> **Exercise aim**:
Of all the lines below, return only those starting with the line holding "Ф.К Линкольн/Англия .." and going on through the line holding "야마하 RMX VD M 드라이버[남성용][TENSEI TR] 600,500원", exactly as written.

> **Working data**:
· · ·

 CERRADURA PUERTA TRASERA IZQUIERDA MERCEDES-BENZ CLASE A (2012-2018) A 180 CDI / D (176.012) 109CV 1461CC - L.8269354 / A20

· · ·

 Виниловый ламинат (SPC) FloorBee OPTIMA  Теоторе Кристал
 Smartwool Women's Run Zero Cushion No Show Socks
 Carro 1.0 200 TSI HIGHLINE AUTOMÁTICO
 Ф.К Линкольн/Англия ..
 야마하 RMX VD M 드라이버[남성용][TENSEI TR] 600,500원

· · ·

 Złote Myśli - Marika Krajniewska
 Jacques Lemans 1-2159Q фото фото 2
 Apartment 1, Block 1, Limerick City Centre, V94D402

· · ·

> **Response**:
 Ф.К Линкольн/Англия ..
 야마하 RMX VD M 드라이버[남성용][TENSEI TR] 600,500원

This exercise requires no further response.